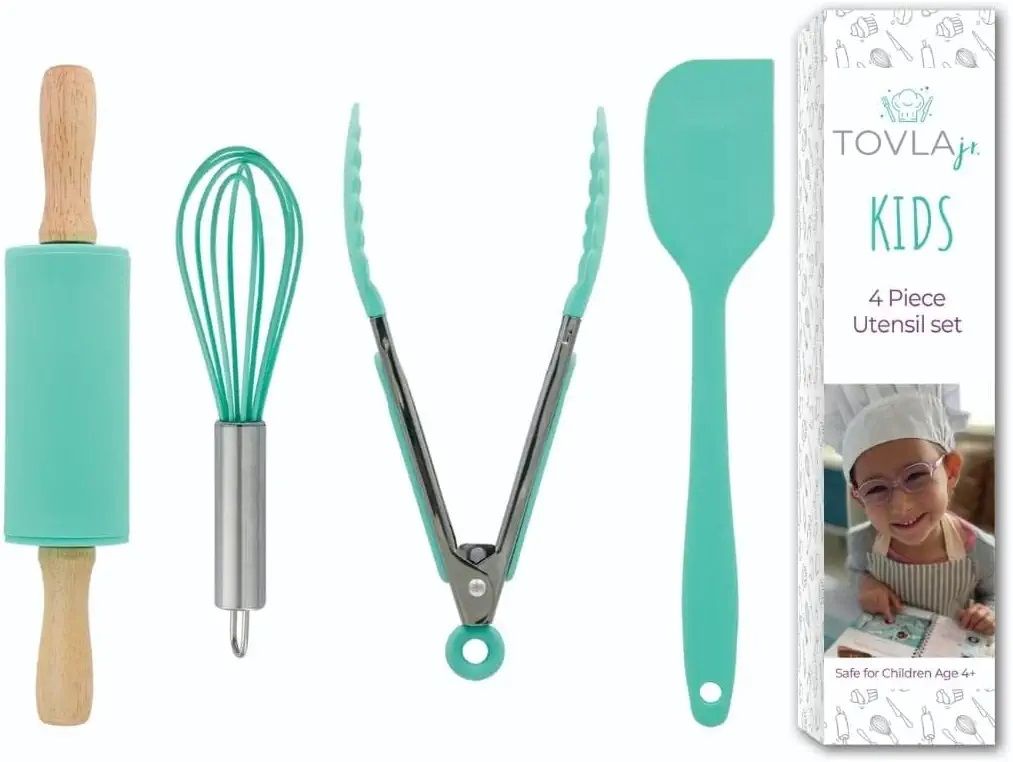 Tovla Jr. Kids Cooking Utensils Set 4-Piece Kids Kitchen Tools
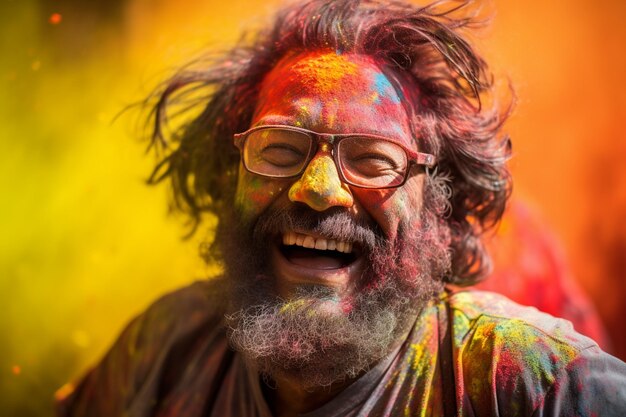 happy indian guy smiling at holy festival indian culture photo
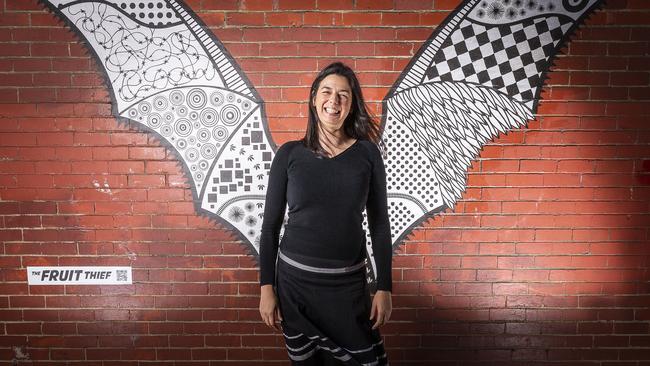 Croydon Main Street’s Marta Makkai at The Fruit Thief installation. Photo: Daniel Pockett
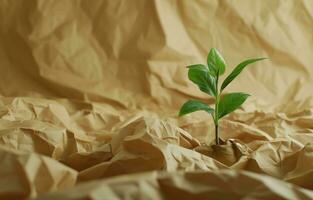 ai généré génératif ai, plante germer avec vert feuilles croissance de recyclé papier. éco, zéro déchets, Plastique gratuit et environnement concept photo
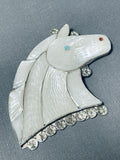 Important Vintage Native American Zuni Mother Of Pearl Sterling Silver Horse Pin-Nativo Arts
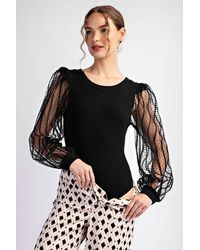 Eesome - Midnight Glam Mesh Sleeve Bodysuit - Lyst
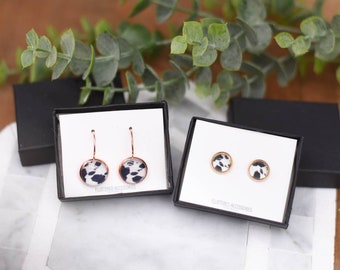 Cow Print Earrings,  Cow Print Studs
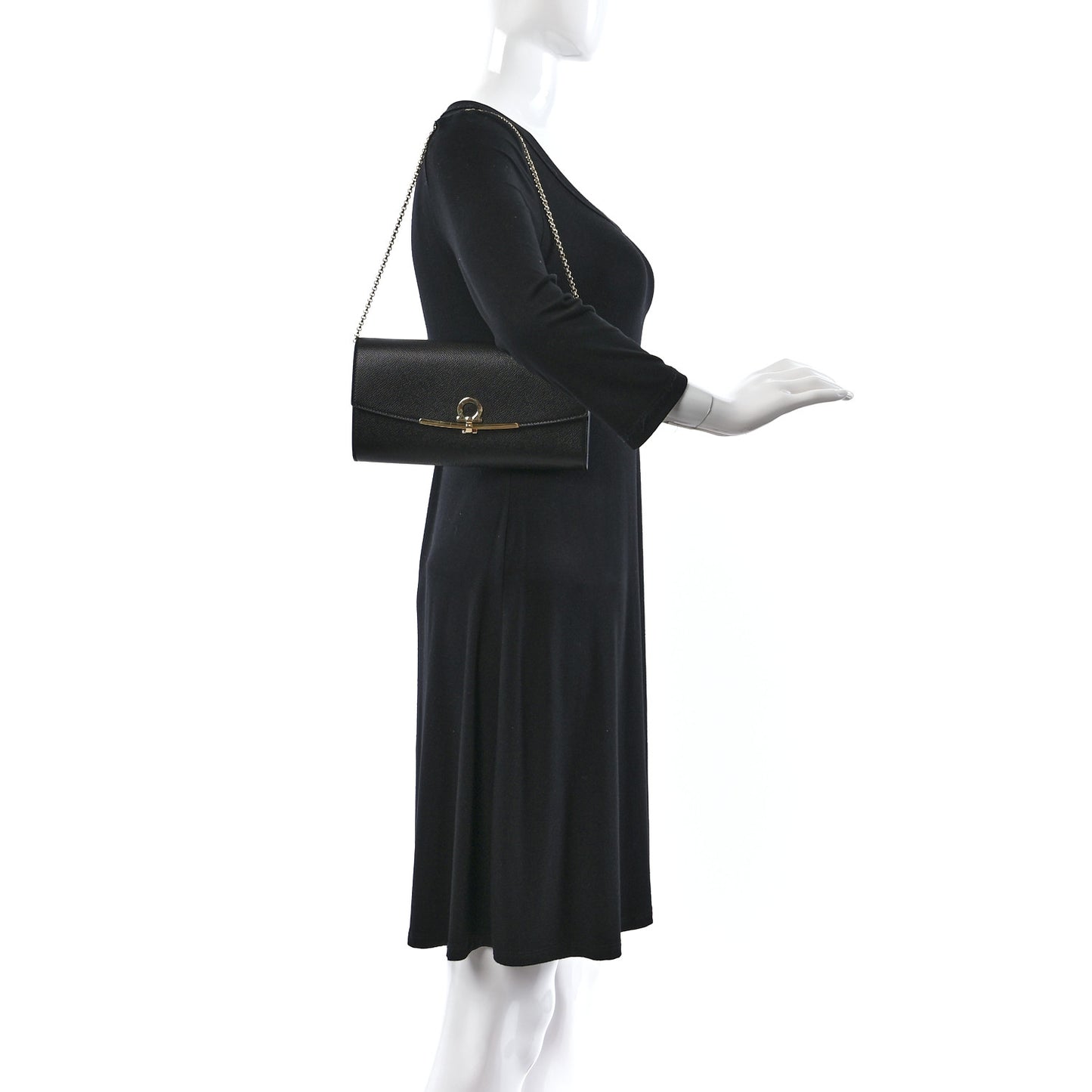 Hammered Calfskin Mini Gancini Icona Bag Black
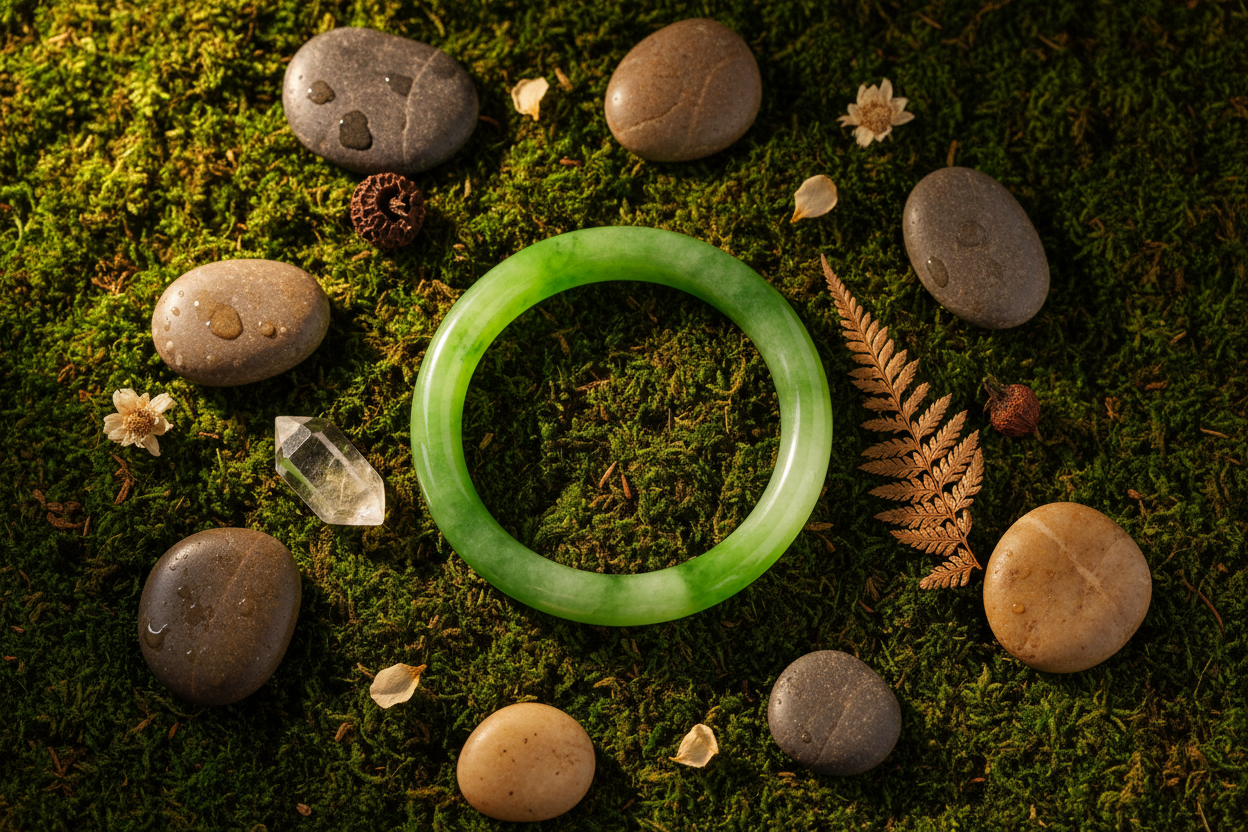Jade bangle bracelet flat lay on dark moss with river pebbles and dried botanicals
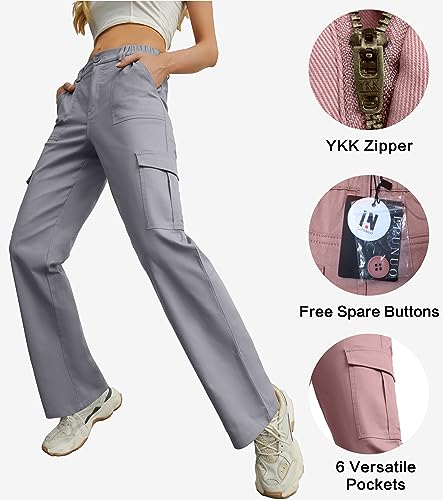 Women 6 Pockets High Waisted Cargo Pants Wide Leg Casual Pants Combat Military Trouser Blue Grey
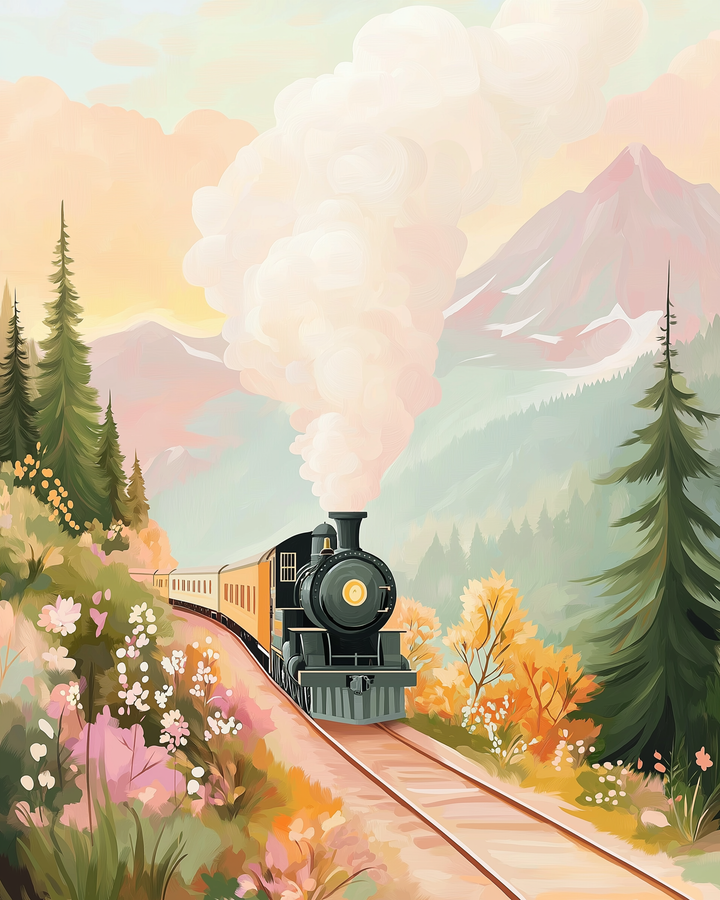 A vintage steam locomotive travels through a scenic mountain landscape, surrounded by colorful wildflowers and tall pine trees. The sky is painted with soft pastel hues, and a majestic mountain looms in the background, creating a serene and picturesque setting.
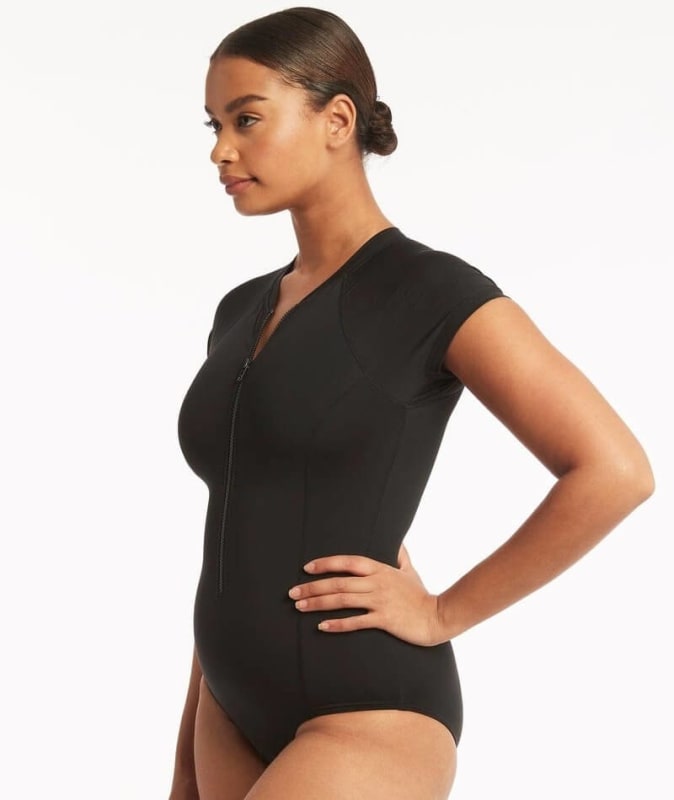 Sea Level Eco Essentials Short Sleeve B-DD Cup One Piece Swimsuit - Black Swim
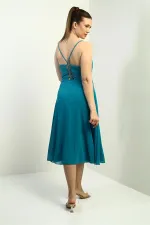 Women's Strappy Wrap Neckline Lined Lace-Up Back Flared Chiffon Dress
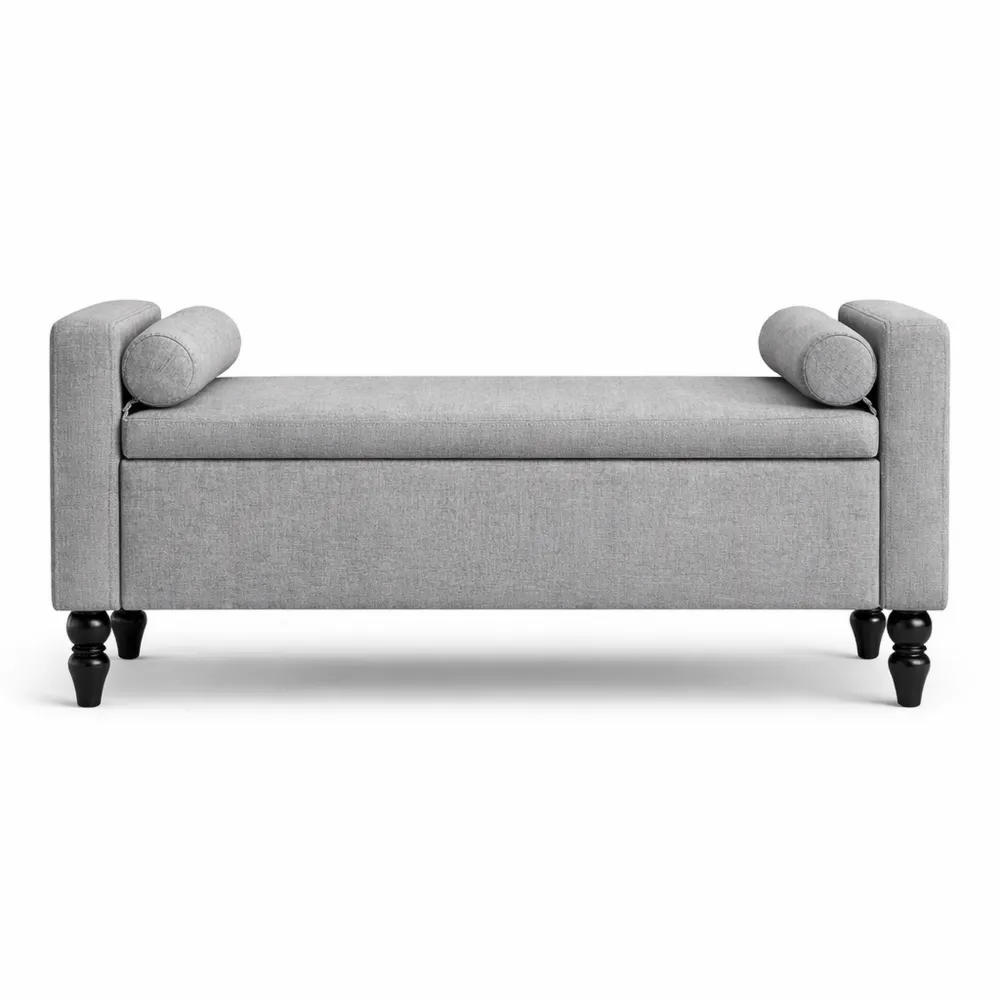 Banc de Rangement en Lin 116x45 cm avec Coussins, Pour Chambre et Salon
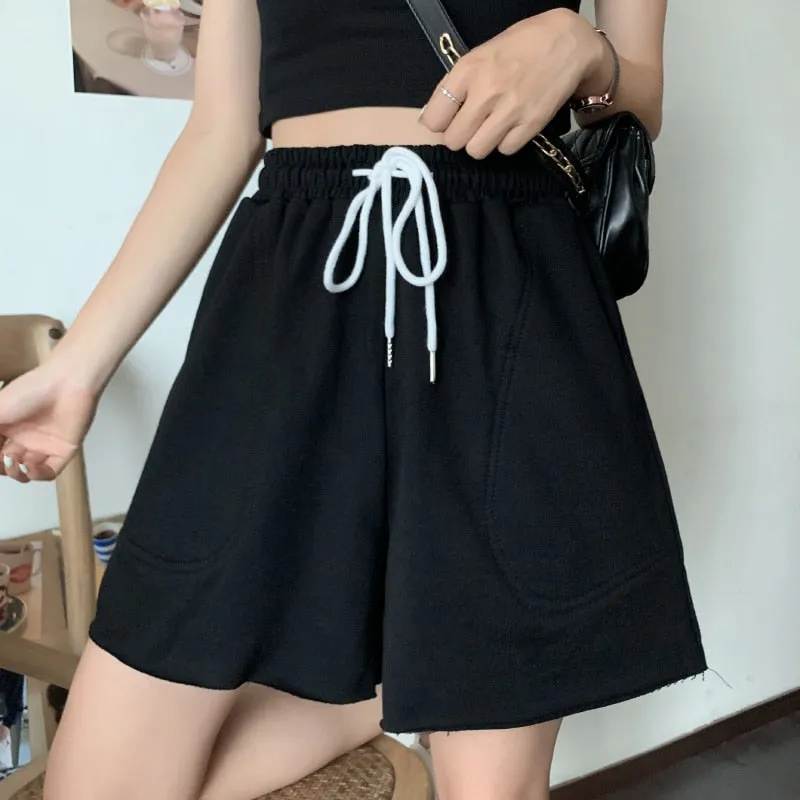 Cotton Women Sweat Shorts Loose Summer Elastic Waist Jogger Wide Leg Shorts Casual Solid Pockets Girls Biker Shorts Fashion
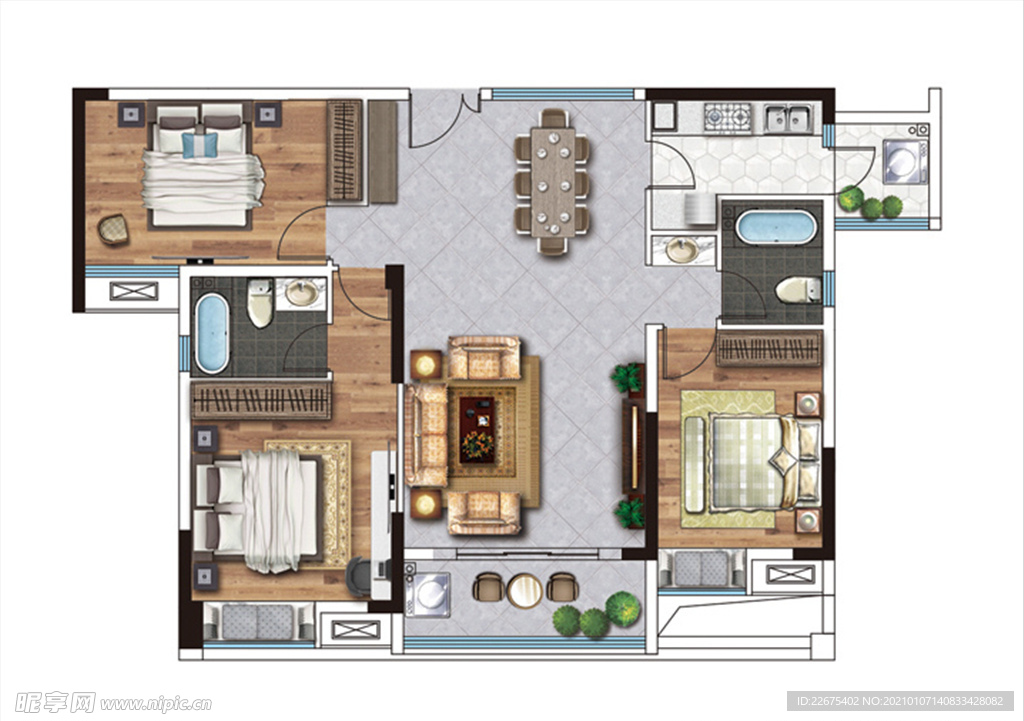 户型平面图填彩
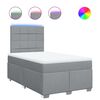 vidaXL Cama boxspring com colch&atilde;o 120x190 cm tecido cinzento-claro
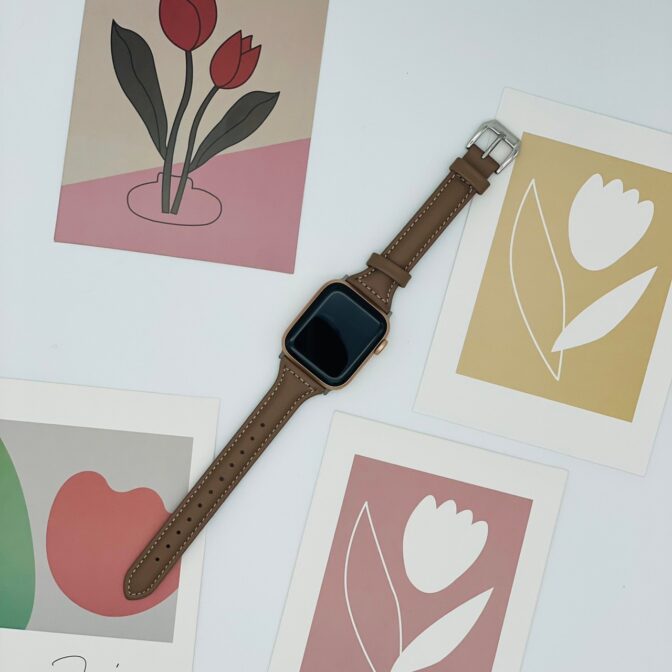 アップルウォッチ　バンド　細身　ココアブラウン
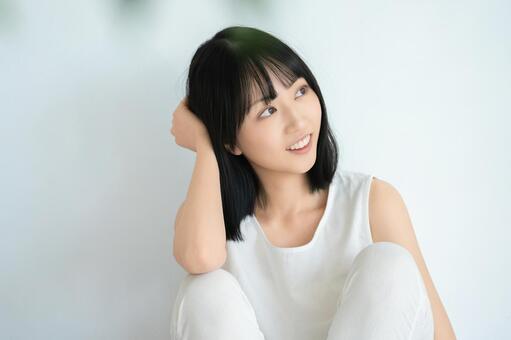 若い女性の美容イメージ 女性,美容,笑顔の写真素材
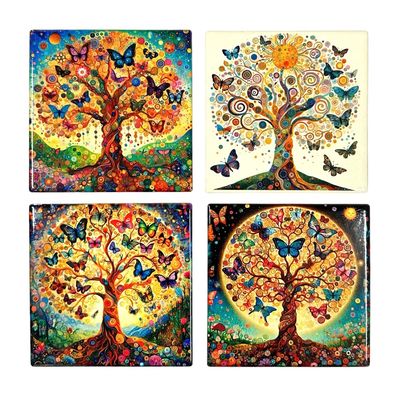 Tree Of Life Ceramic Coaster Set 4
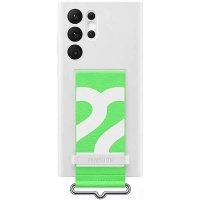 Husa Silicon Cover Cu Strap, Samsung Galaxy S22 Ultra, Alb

------

All the lines above should be reproduced exactly, and none of the pictures.

 Tovla Jr. Kids Cooking Utensils Set 4-Piece Kids Kitchen Tools
 happy indian guy smiling at holy festival indian culture photo
 Croydon Main Street’s Marta Makkai at The Fruit Thief installation. Photo: Daniel Pockett
 ai généré génératif ai, plante germer avec vert feuilles croissance de recyclé papier. éco, zéro déchets, Plastique gratuit et environnement concept photo
 Important Vintage Native American Zuni Mother Of Pearl Sterling Silver Horse Pin-Nativo Arts
 Eesome - Midnight Glam Mesh Sleeve Bodysuit - Lyst
 Cow Print Earrings,  Cow Print Studs
 Hammered Calfskin Mini Gancini Icona Bag Black
Jade bangle bracelet flat lay on dark moss with river pebbles and dried botanicals
 Women 6 Pockets High Waisted Cargo Pants Wide Leg Casual Pants Combat Military Trouser Blue Grey
 A vintage steam locomotive travels through a scenic mountain landscape, surrounded by colorful wildflowers and tall pine trees. The sky is painted with soft pastel hues, and a majestic mountain looms in the background, creating a serene and picturesque setting.
 Sea Level Eco Essentials Short Sleeve B-DD Cup One Piece Swimsuit - Black Swim
 Women's Strappy Wrap Neckline Lined Lace-Up Back Flared Chiffon Dress
 Banc de Rangement en Lin 116x45 cm avec Coussins, Pour Chambre et Salon
 Cotton Women Sweat Shorts Loose Summer Elastic Waist Jogger Wide Leg Shorts Casual Solid Pockets Girls Biker Shorts Fashion
 户型平面图填彩
 vidaXL Cama boxspring com colch&atilde;o 120x190 cm tecido cinzento-claro
 アップルウォッチ　バンド　細身　ココアブラウン
 若い女性の美容イメージ 女性,美容,笑顔の写真素材
 Tree Of Life Ceramic Coaster Set 4
 Husa Silicon Cover Cu Strap, Samsung Galaxy S22 Ultra, Alb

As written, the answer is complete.